* PROBLEM *
All entries need to be written out again exactly, without their pictures.

[Scraped caption text data]
┌──

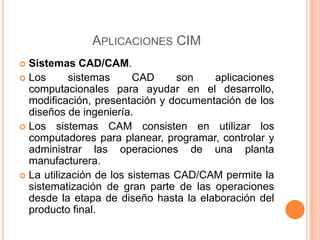 APLICACIONES CIM
 Sistemas CAD/CAM.
 Los sistemas CAD son aplicaciones
computacionales para ayudar en el desarrollo,
modificación, presentación y documentación de los
diseños de ingeniería.
 Los sistemas CAM consisten en utilizar los
computadores para planear, programar, controlar y
administrar las operaciones de una planta
manufacturera.
 La utilización de los sistemas CAD/CAM permite la
sistematización de gran parte de las operaciones
desde la etapa de diseño hasta la elaboración del
producto final.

└──

* EXERCISE RESULT *
 APLICACIONES CIM
 Sistemas CAD/CAM.
 Los sistemas CAD son aplicaciones
computacionales para ayudar en el desarrollo,
modificación, presentación y documentación de los
diseños de ingeniería.
 Los sistemas CAM consisten en utilizar los
computadores para planear, programar, controlar y
administrar las operaciones de una planta
manufacturera.
 La utilización de los sistemas CAD/CAM permite la
sistematización de gran parte de las operaciones
desde la etapa de diseño hasta la elaboración del
producto final.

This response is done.